Der zweite Tag beginnt mit einem Filterkaffee vom Gaskocher und tausend Hügeln, immer mit Blick auf die Ile of Skye, kleine Leuchttürme, große Buchten und zahllose Schafe. Nach zwei Stunden erreichen wir ein winziges Dorf mit Café und gönnen uns Bagels und mehrere Stück Kuchen. Gestärkt geht es weiter bis zum einzigen Supermarkt auf dem Weg für heute. Orte mit Einkaufsmöglichkeiten sind so weit im Norden Schottlands rar gesäht und so müssen wir morgens schon überlegen, wo wir am Tag einen Supermarkt passieren werden und für wie lange die Vorräte reichen müssen. Der limitierende Faktor ist da meist das Wasser, da für mehr als ca. 4 Liter einfach kein Platz am Rad ist.

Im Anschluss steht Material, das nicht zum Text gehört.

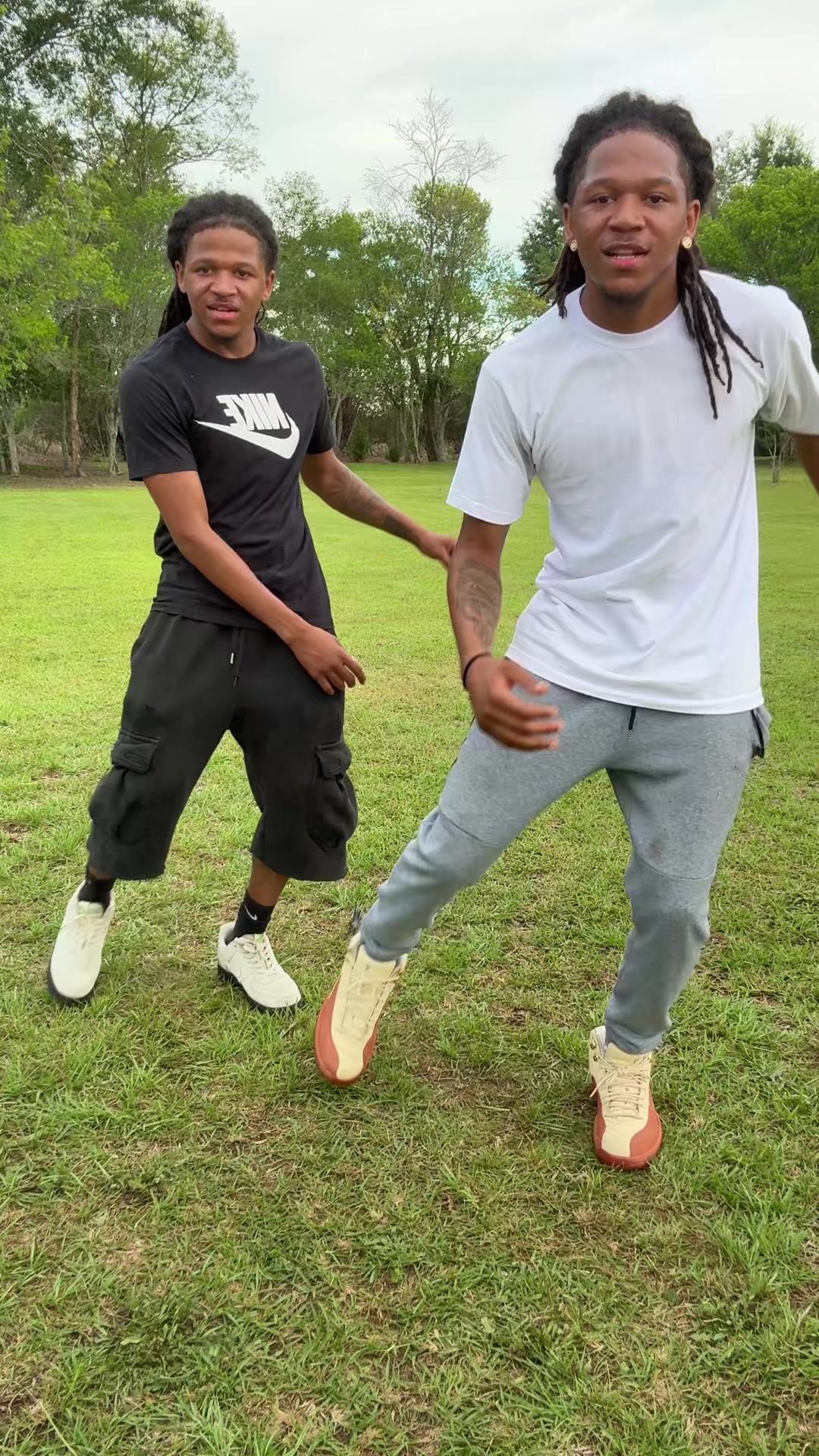 @Ghettotwins_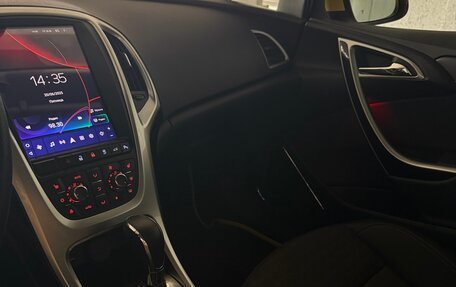 Opel Astra J, 2013 год, 1 150 000 рублей, 21 фотография
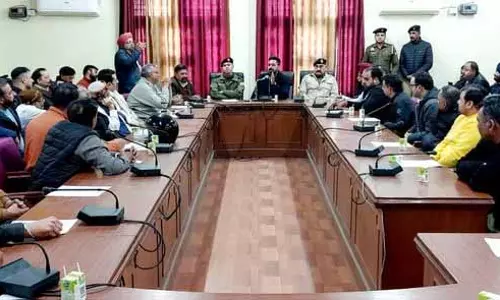 Una के व्यापारियों ने स्टॉक की लोडिंग, अनलोडिंग के समय में छूट के लिए डीसी से आग्रह किया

Mit jedem Kilometer, den wir fahren, und jedem Hügel, den wir überqueren, verändert sich die Landschaft ein kleines bisschen, eine neue Bucht erschließt sich unserem Auge, ein neuer See wird sichtbar und die nächste Bergkette schiebt sich vor den Horizont.

Die zweite Nacht zelten wir auf einem Hochplateau und machen zum ersten Mal Bekanntschaft mit schottischen Midges – kleinen Mücken, die im Nordwesten Schottlands eine echte Plage sind und morgens und abends sowie in der Nähe von Gewässern jedes draußen aufhalten ungemütlich machen. So frühstücken wir anstatt vor unserem Zelt oft erst nach 1-2 Stunden Fahrt im nächsten Ort, wo die Mückenwolken nicht ganz so schlimm sind. Nach drei Tagen haben wir ungefähr 420 Kilometer und mehr als 6.000 Höhenmeter hinter uns und sind völlig überwältigt von der Schönheit und Vielfalt der schroffen Landschaft. Unseren nächsten Schlafplatz finden wir auf einem Bergkamm mit Blick auf das Meer und die zerklüftete Küste.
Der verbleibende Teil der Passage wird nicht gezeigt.